Setting a maximum will result it the content being truncated if it doesn't fit. Setting a minimum is often the best plan because then the component will increase in size when necessary.
Now we come to a property that isn't all that important but it needs to be discussed because it sounds important.
Gravity is basically just another name for alignment. If you have a Button and you set its gravity property to Top then the text it contains will align to the top of the inside of the Button. There are a lot of alignment possibilities you can set Gravity to but the majority are fairly obvious. The confusing part is that many components have a text alignment property which can be used to override the Gravity setting.
Gravity is more important when used with a different Layout component - the Linear layout when the layout_gravity property sets how the component should align inside the Linear layout - more of this later.
The Component Tree
If you look to the top right corner of Android Studio in layout mode you will see a window called Component Tree.
This is almost self explanatory and hardly needs much other than to draw your attention to it.
However notice that you can see the tree structure of the layout starting at the Layout container. In the case of a default project you can see that the default layout is RelativeLayout and you can see the all of the other components correctly nested within their parent containers.
Notice that you can select and delete layout elements directly in the tree. This is useful when you have a complex layout that has gone so wrong that you are finding it hard to select components reliably.

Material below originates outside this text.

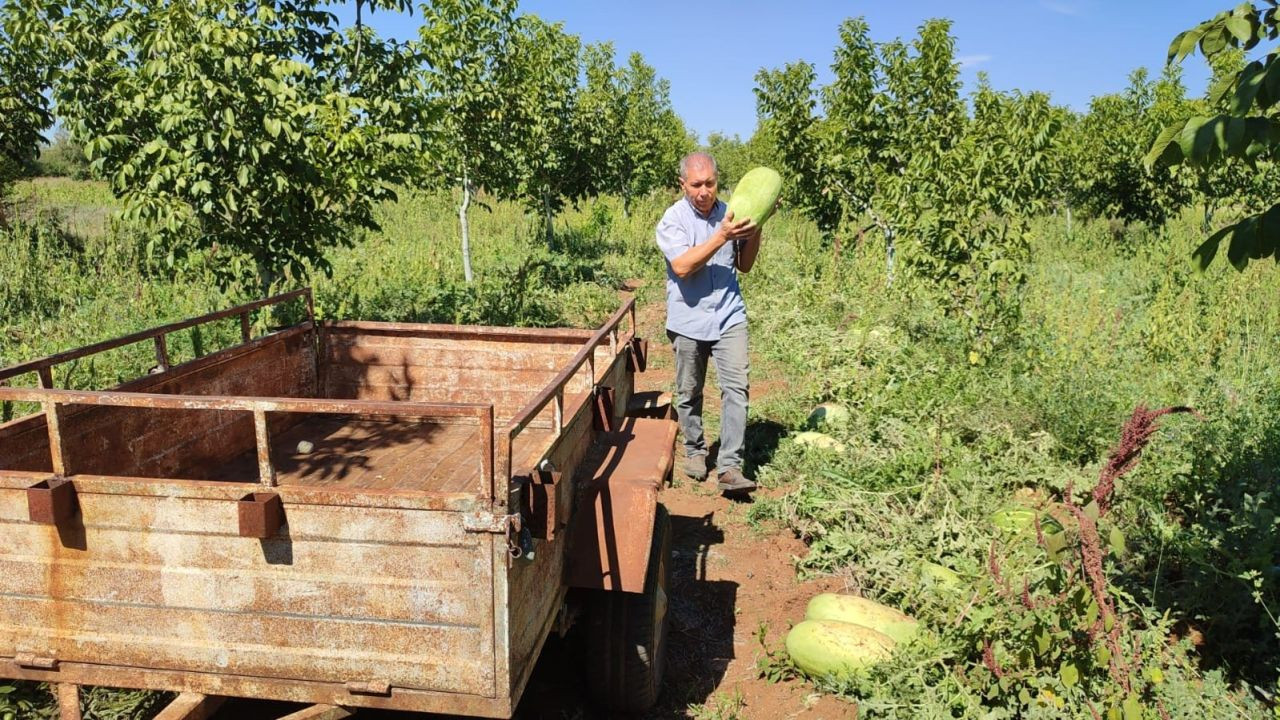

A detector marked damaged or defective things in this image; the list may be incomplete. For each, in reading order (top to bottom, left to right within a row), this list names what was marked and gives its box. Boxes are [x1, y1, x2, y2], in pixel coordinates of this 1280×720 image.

rusty metal trailer [0, 290, 680, 716]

One interesting operation that is worth knowing about even if it isn't used very often is Morphing. If you select an element in the tree, right click and select Morphing you will be presented with a list of possible alternatives. So for example you could change a button to a Toggle button an so on.
Another option which can be useful is that Hide/Show Including Layout. If you recall in Android Studio 2 there are two layout files. The first activity_main.xml holds all of the standard Android UI elements and the second is your custom layout content_main.xml. The activity_main.xml includes your content_main.xml layout file and the two are shown in the designer together - although you cannot edit the UI elements that are defined in activity_main.xml. You can opt to not display them if they are distracting in some way and concentrate on just what is defined by content_main.xml.